== RECORDS FOR THIS EXERCISE ==

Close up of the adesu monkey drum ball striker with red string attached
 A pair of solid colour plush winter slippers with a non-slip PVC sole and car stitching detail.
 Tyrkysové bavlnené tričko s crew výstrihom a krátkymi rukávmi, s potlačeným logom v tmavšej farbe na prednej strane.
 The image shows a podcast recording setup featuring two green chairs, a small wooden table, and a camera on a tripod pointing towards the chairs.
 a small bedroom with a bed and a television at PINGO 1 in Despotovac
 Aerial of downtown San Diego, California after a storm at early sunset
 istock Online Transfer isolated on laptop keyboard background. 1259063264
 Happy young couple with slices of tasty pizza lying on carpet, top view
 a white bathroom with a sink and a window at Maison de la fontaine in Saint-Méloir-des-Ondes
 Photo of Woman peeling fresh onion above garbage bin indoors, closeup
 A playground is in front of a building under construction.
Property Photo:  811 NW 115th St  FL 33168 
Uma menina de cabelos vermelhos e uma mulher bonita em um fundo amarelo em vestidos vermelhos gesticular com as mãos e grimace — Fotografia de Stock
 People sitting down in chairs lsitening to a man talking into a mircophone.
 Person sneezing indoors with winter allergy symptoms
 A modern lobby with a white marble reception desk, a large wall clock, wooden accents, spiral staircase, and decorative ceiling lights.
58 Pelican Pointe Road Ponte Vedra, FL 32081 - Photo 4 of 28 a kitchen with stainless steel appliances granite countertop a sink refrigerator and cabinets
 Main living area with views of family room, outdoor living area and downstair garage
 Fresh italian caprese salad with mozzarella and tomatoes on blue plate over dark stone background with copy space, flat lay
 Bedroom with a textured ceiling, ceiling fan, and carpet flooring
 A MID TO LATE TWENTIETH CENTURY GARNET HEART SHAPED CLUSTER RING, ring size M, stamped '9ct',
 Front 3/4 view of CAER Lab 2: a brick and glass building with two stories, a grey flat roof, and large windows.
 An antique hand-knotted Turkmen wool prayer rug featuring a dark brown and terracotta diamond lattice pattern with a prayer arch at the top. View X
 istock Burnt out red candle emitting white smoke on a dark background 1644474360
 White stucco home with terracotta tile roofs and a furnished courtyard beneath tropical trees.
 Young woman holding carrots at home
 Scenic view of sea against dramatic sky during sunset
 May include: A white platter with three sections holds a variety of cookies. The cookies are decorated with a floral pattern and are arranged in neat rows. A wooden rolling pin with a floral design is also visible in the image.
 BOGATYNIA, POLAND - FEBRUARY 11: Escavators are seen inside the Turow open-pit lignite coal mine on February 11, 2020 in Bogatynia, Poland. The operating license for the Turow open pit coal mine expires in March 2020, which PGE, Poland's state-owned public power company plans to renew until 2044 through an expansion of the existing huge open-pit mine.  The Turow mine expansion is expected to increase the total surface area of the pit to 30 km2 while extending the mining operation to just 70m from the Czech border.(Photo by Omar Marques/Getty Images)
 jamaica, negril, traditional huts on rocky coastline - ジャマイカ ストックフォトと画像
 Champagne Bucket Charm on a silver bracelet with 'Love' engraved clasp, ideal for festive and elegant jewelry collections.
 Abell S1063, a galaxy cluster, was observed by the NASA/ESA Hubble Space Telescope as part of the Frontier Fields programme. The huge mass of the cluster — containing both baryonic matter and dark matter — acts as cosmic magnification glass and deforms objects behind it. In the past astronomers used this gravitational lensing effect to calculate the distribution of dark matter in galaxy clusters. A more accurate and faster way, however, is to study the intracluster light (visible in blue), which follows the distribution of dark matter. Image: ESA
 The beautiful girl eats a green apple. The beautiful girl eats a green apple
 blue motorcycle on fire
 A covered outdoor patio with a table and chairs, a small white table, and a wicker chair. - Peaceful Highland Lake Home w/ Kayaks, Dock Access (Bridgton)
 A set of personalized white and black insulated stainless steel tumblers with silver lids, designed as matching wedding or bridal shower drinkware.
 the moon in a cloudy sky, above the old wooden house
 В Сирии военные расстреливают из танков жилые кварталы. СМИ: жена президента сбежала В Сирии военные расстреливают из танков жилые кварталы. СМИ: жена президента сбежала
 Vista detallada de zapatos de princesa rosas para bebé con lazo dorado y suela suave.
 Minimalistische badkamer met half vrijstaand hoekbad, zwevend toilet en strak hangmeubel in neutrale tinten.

===

** WHAT YOU ARE ASKED TO DO **
Faithfully reproduce all of the material.

** OUTPUT **
Close up of the adesu monkey drum ball striker with red string attached
 A pair of solid colour plush winter slippers with a non-slip PVC sole and car stitching detail.
 Tyrkysové bavlnené tričko s crew výstrihom a krátkymi rukávmi, s potlačeným logom v tmavšej farbe na prednej strane.
 The image shows a podcast recording setup featuring two green chairs, a small wooden table, and a camera on a tripod pointing towards the chairs.
 a small bedroom with a bed and a television at PINGO 1 in Despotovac
 Aerial of downtown San Diego, California after a storm at early sunset
 istock Online Transfer isolated on laptop keyboard background. 1259063264
 Happy young couple with slices of tasty pizza lying on carpet, top view
 a white bathroom with a sink and a window at Maison de la fontaine in Saint-Méloir-des-Ondes
 Photo of Woman peeling fresh onion above garbage bin indoors, closeup
 A playground is in front of a building under construction.
Property Photo:  811 NW 115th St  FL 33168 
Uma menina de cabelos vermelhos e uma mulher bonita em um fundo amarelo em vestidos vermelhos gesticular com as mãos e grimace — Fotografia de Stock
 People sitting down in chairs lsitening to a man talking into a mircophone.
 Person sneezing indoors with winter allergy symptoms
 A modern lobby with a white marble reception desk, a large wall clock, wooden accents, spiral staircase, and decorative ceiling lights.
58 Pelican Pointe Road Ponte Vedra, FL 32081 - Photo 4 of 28 a kitchen with stainless steel appliances granite countertop a sink refrigerator and cabinets
 Main living area with views of family room, outdoor living area and downstair garage
 Fresh italian caprese salad with mozzarella and tomatoes on blue plate over dark stone background with copy space, flat lay
 Bedroom with a textured ceiling, ceiling fan, and carpet flooring
 A MID TO LATE TWENTIETH CENTURY GARNET HEART SHAPED CLUSTER RING, ring size M, stamped '9ct',
 Front 3/4 view of CAER Lab 2: a brick and glass building with two stories, a grey flat roof, and large windows.
 An antique hand-knotted Turkmen wool prayer rug featuring a dark brown and terracotta diamond lattice pattern with a prayer arch at the top. View X
 istock Burnt out red candle emitting white smoke on a dark background 1644474360
 White stucco home with terracotta tile roofs and a furnished courtyard beneath tropical trees.
 Young woman holding carrots at home
 Scenic view of sea against dramatic sky during sunset
 May include: A white platter with three sections holds a variety of cookies. The cookies are decorated with a floral pattern and are arranged in neat rows. A wooden rolling pin with a floral design is also visible in the image.
 BOGATYNIA, POLAND - FEBRUARY 11: Escavators are seen inside the Turow open-pit lignite coal mine on February 11, 2020 in Bogatynia, Poland. The operating license for the Turow open pit coal mine expires in March 2020, which PGE, Poland's state-owned public power company plans to renew until 2044 through an expansion of the existing huge open-pit mine.  The Turow mine expansion is expected to increase the total surface area of the pit to 30 km2 while extending the mining operation to just 70m from the Czech border.(Photo by Omar Marques/Getty Images)
 jamaica, negril, traditional huts on rocky coastline - ジャマイカ ストックフォトと画像
 Champagne Bucket Charm on a silver bracelet with 'Love' engraved clasp, ideal for festive and elegant jewelry collections.
 Abell S1063, a galaxy cluster, was observed by the NASA/ESA Hubble Space Telescope as part of the Frontier Fields programme. The huge mass of the cluster — containing both baryonic matter and dark matter — acts as cosmic magnification glass and deforms objects behind it. In the past astronomers used this gravitational lensing effect to calculate the distribution of dark matter in galaxy clusters. A more accurate and faster way, however, is to study the intracluster light (visible in blue), which follows the distribution of dark matter. Image: ESA
 The beautiful girl eats a green apple. The beautiful girl eats a green apple
 blue motorcycle on fire
 A covered outdoor patio with a table and chairs, a small white table, and a wicker chair. - Peaceful Highland Lake Home w/ Kayaks, Dock Access (Bridgton)
 A set of personalized white and black insulated stainless steel tumblers with silver lids, designed as matching wedding or bridal shower drinkware.
 the moon in a cloudy sky, above the old wooden house
 В Сирии военные расстреливают из танков жилые кварталы. СМИ: жена президента сбежала В Сирии военные расстреливают из танков жилые кварталы. СМИ: жена президента сбежала
 Vista detallada de zapatos de princesa rosas para bebé con lazo dorado y suela suave.
 Minimalistische badkamer met half vrijstaand hoekbad, zwevend toilet en strak hangmeubel in neutrale tinten.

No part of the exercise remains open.